**Your assignment**
Go through the records and set each one down exactly, skipping any picture.

**Available records**
____

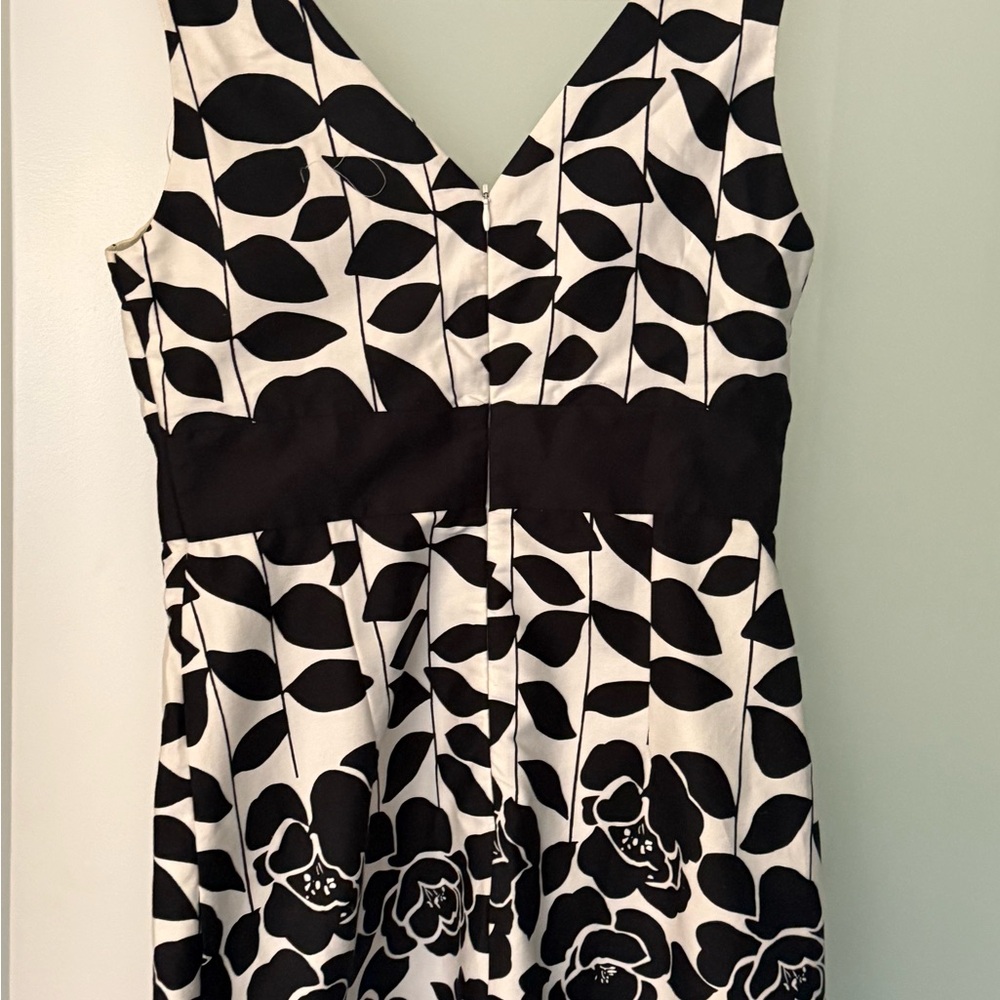 Chic Black and White Leaf Print Midi Dress
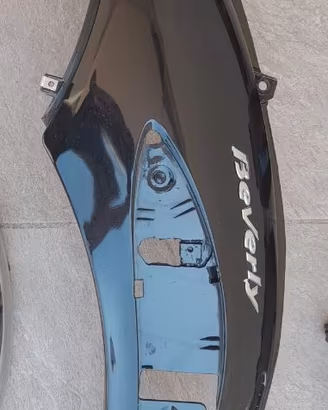 Ricambi Beverly 400cc tourer anno 2010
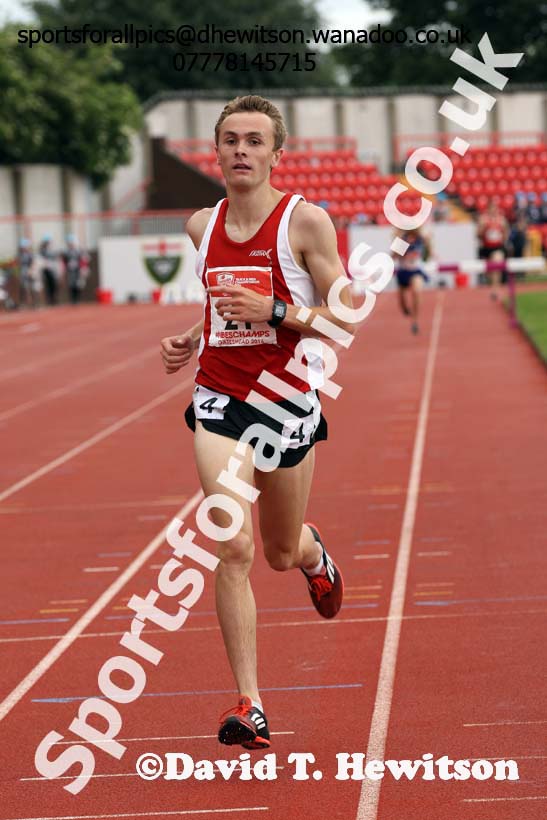 Senior boys 2000 metres steeplechase, English Schools Track and Field. Photo: David T. Hewitson/Sports for All Pics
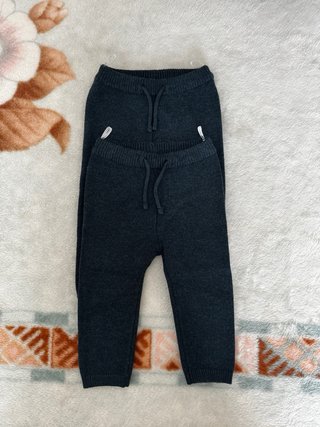 Lote 2 Pantalones C&A Bebés gemelos 6-9 Meses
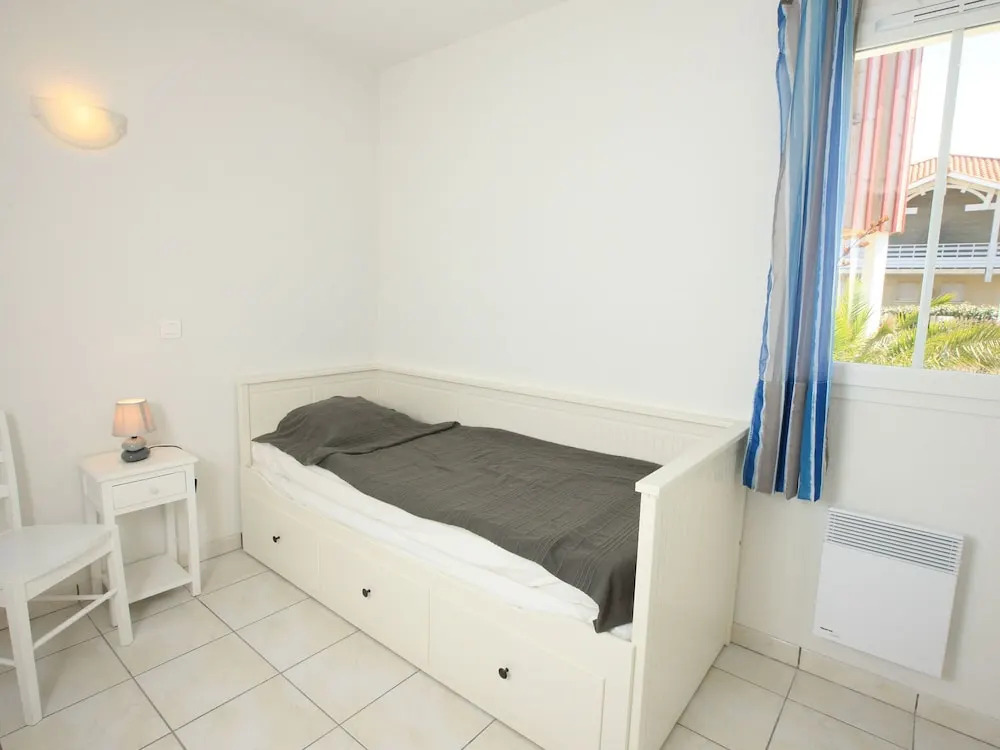 Well-kept Home With a Terrace Near the Beach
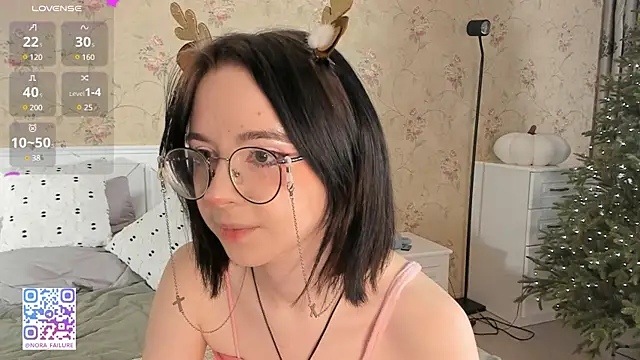 Nora Failure online show from 24, 12, 2024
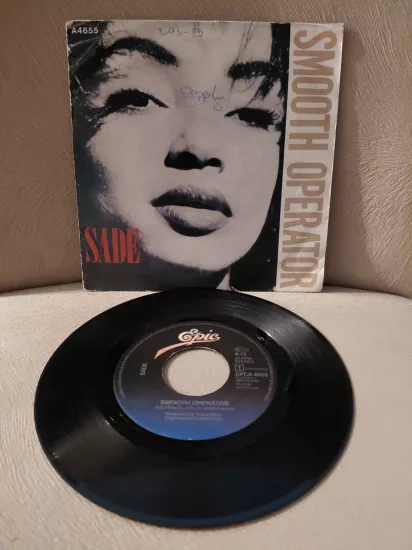 SADE  –  Smooth Operator  -  1984  Hollanda Basım 45lik Plak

____

**Task output**
 Chic Black and White Leaf Print Midi Dress
 Ricambi Beverly 400cc tourer anno 2010
 Senior boys 2000 metres steeplechase, English Schools Track and Field. Photo: David T. Hewitson/Sports for All Pics
 Lote 2 Pantalones C&A Bebés gemelos 6-9 Meses
 Well-kept Home With a Terrace Near the Beach
 Nora Failure online show from 24, 12, 2024
 SADE  –  Smooth Operator  -  1984  Hollanda Basım 45lik Plak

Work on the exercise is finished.